The gap becomes even handier as the CBT rises. Add the fact that $25 million in 2032 is just worth less than $25 million in 2023, and the rationale crystallizes: The truth of Turner’s and Bogaerts’ market value is somewhere between the annual value and the total value. Will they be good in 10 years? Probably not, but they will likely outperform their salaries in the early years of their deals.
Remember when teams deferred money to lower the actual value of a deal but still help players set salary records? This is a little like that, but with an eye toward CBT surcharges.
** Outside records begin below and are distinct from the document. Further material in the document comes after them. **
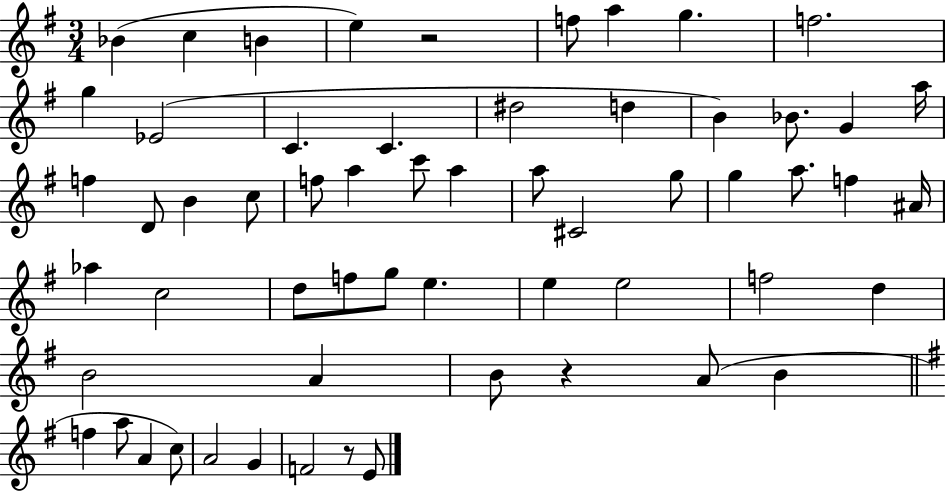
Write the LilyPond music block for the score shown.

{
  \clef treble
  \numericTimeSignature
  \time 3/4
  \key g \major
  bes'4( c''4 b'4 | e''4) r2 | f''8 a''4 g''4. | f''2. | \break g''4 ees'2( | c'4. c'4. | dis''2 d''4 | b'4) bes'8. g'4 a''16 | \break f''4 d'8 b'4 c''8 | f''8 a''4 c'''8 a''4 | a''8 cis'2 g''8 | g''4 a''8. f''4 ais'16 | \break aes''4 c''2 | d''8 f''8 g''8 e''4. | e''4 e''2 | f''2 d''4 | \break b'2 a'4 | b'8 r4 a'8( b'4 | \bar "||" \break \key e \minor f''4 a''8 a'4 c''8) | a'2 g'4 | f'2 r8 e'8 | \bar "|."
}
You can look at what the Phillies and Padres did as taking out loans on immediate, impactful help, with fixed, advantageous interest payments slated to come due in the early 2030s.
It’s a great time to be a reliable midrotation starter
If the superstar deals represent a give and take, there is one group of players whose contracts involve no such compromise. Midrotation starters who eat innings have teams over a barrel. Phillies signee Taijuan Walker and Chicago Cubs addition Jameson Taillon got four-year deals that beat their projected contract totals by more than 80% (!) and their projected AAVs by about 40% each.
Now, FanGraphs contract voters are informed observers, but this is where the industry makes its shifts known. Whether it’s the impending effects of the pitch clock or the continuing effects of MLB limitations on how many pitchers each team can carry, these No. 3-type starters are capitalizing on clubs’ anxiety about consistently filling out a rotation.
That holds true, to a lesser extent, for Chris Bassitt, reportedly the Toronto Blue Jays’ newest starter, and Zach Eflin, whom the Tampa Bay Rays signed to a three-year deal. Those pitchers beat their total and annual projections by about 30%. Bassitt is the best performer of anyone in this group, but he’s also the oldest, entering his age-34 season.
Even starters with more doubts baked in — such as Andrew Heaney (health, recent arsenal changes) and Sean Manaea (an ineffective 2022) — handily beat the deals the crowd saw them signing when the season ended.
How will this play out for Carlos Correa, Carlos Rodon and Dansby Swanson?
The biggest names remaining on the market — spoiler alert — are going to make more than we might’ve thought coming into the offseason. Carlos Correa, the youngest of this year’s top free agents and perhaps the hitter with the highest ceiling outside of Judge, must be fielding deals north of $300 million now. His median FanGraphs projection involved eight years and $256 million.
Swanson — a cut below Correa, Turner and Bogaerts but still very much a winning shortstop — could reasonably ask for a Nimmo-style deal that spans seven or eight years and eclipses $150 million, besting a FanGraphs projection of $141 million.
Rodon, clearly the biggest pitcher left on the market, is an interesting litmus test. He struggled mightily to stay healthy before his 2021 breakout but possesses a level of Cy Young potential that Walker, Taillon and Bassitt don’t. Do teams view him, at age 30, as a Verlander-type player to splurge on for a shorter term? Or as a player to stretch out to six years in hopes of getting an AAV bargain?
Other players likely to benefit from the market dynamics? Starting pitchers Nathan Eovaldi and Ross Stripling and perhaps even late-career comeback story Johnny Cueto.